In response to:
China is Far from the September 3, 1970 issue
To the Editors:
John Fairbank’s view (“China is Far,” NYR, September 3) of China’s role in the international world is very misleading. Fairbank argues that the Chinese revolution rejected the international world of trade and finance. This allegedly stems from China’s “stay-at-home tradition.” Actually the opposite is more nearly true.
For almost a decade now China has been engaged in a mammoth shipbuilding and ship buying drive. China is consistently among the largest, if not the largest, charterer of bulk-carrying tramp freighters. The first Chinese-built ocean-going freighter arrived in Indonesia in 1961, England in 1962, Africa in 1963, Japan in 1964, and Canada just recently.
In addition China’s leaders have committed themselves to making the Chinese currency a hard international currency. Chinese currency is so stable and its growing commerce such a good risk in the eyes of capitalist countries that for the first time these nations are signing trade agreements with China to be settled in Chinese currency.

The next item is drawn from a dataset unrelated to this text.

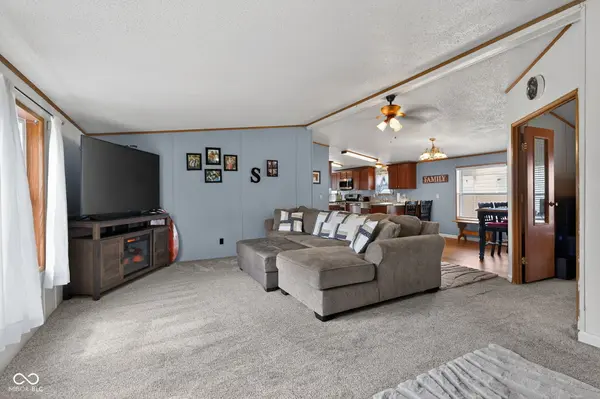 312 E 10th ST, Lapel, IN 46051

To the extent that China has learned to survive, prosper, and develop in the international commercial world, it has become, contrary to Fairbanks, “like us.” It is succeeding here not be a thoughtless “stay-at-home tradition,” but by thoughtful investment, commercial and monetary practices whose goal of independence is meant to prove Fairbank wrong in his faith that “our expanding world of trade and contact monopolizes their future.”
Edward Friedman
Department of Political Science
University of Wisconsin
J.K Fairbank replies:
Misquotation always helps controversy. I wrote, “We may still feel that our expanding world of trade and contact monopolizes their future, but superior firepower will no longer prove it. Can we accept the novel thought that our present is not their future?” My “faith,” such as it is, is expressed in the last sentence; perhaps Mr. Friedman reads too rapidly.

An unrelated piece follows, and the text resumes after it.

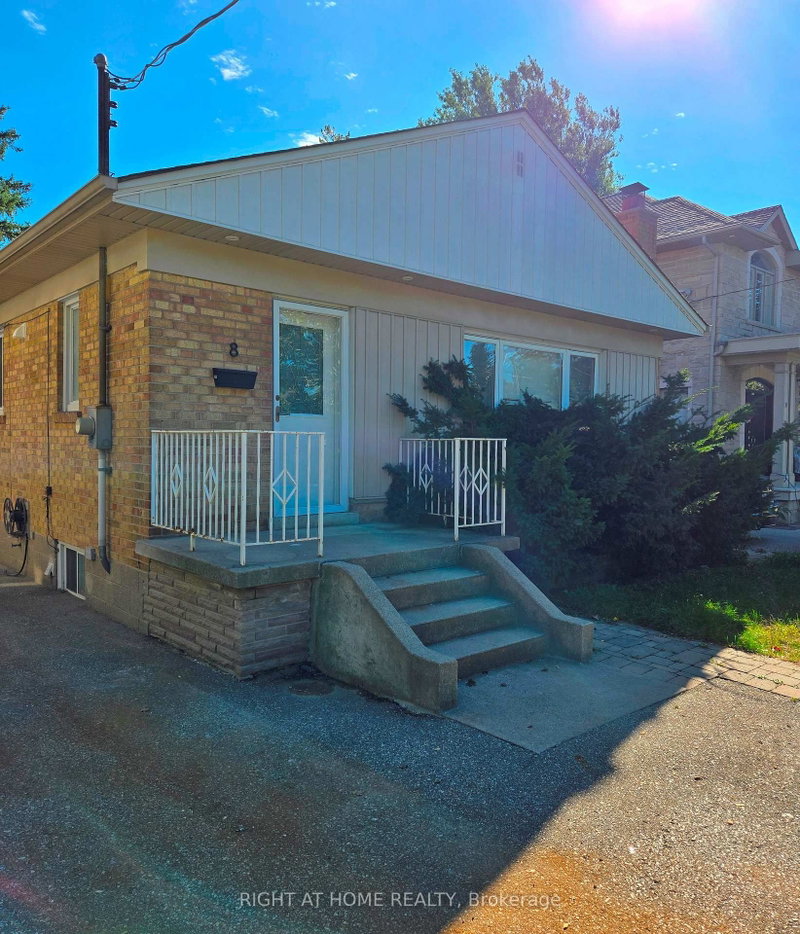 8 Northampton Drive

I freely concede China’s progress in bulk-carrying tramp-freighter chartering. The fact remains that China’s per capita foreign trade is just about the lowest in the world. Though the People’s Republic contains almost a quarter of mankind, its activity abroad is still that of a second- or third-level country. This is not our doing. The Chinese simply have sense enough to stay home, fortunately.